A stickler for the fashion industry, is how to find a natural source black dye with the same depth as a synthetic. I myself wear very little else than black garments, and only console this choice through how limiting I am with washing. But it doesn’t negate the original production, with its ridiculously damaging (and uncontrolled) effects on environment and people that this causes. The black dye here was created using:
Logwood sourced from the heartwood of this tree found in sustainably-managed forests, in Central South America and the Caribbean.
Gall nuts foraged locally plus alum (salts) are used as a mordant to fix the dye. Gall nut is naturally high in tannin, and alum is one of the less toxic natural mordants (it is good to re-use the mordant baths as much as possible before discarding, though wouldn’t be terribly bad pouring onto soil).
The garment was then dipped in an iron water solution to modify and deepen the tone.
I appreciated the showing of the dye tests, to help viewers understand the colour differences according to fibre type.
Natural dyeing.
Dyeing textiles using plant-based and mineral dyestuffs is a true experiment. You can be scientific, which is necessary for a larger operation and consistency across collections, or you can just have a go - which is usually my route into this craft. It was very pleasing to see the resources that the Phoebe English studio used, and the considerations that went into the whole ecological chain. Often, we take without establishing consequences, and so the effects are invisible until later on when it’s too late. Unfortunately everything we produce will be extractive to a certain extent and garner some waste, but we can produce in a manner that conserves, regenerates or provides a positive impact whether present or future.

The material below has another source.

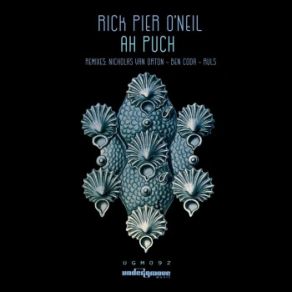 Download track Ah Puch (Nicholas Van Orton Remix) Rick Pier O'Neil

For this element, the studio showed the dyestuffs used to dye deadstock hemp and silk fabrics. The synthetic dyes we see without knowing, and wear on our skins, are chemically synthesised - hence “synthetic” - and are not necessarily biodegradable i.e. they stay as the compounds they are. While there are concerns with toxicity of natural dyes, for instance if you use heavy metals as a modifier, they at least can break down in a natural environment. Another issue, though uncommon, is the growing of dyestuffs on land that could be used for food; really, all dye plants can be interplanted with food crops, or they are themselves food anyway. The design studio chose dyestuffs that are seen as invasive weeds - buddleia and mugwort - and harvested them when the threat to pollinators was reduced i.e. after flowering. By using their iron modifier, they could darken and deepen the shade to suit their design aesthetic.
I was suitably inspired, that when our hedge needed trimming of the overhanging buddleia, I saved the seedheads, dried them, and they are now awaiting some dye experimentation.

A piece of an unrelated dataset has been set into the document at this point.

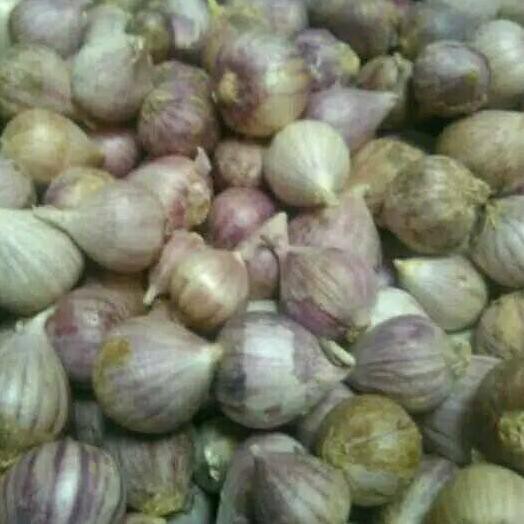 

PALING HOT!! KODE-597 Bawang Putih Tunggal / Lanang 1Kg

Whether you are inspired to take on one of these elements, or implement all of them into your design practice, there are varying degrees to fit your:
locality and access to materials
design aesthetic
space and network of collaborators
and even customer
They do require effort of imagination, and patience of trial and error, but understanding the possible elements available to reduce virgin material use, or consequentially, reducing materials while providing a positive impact elsewhere, means you’ll be a designer with longevity. We can’t keep producing from virgin materials. A bioregional, holistic, ultimately regenerative production model, complete with collective action, is where we need to head - or rather, where we needed to be 30 years ago.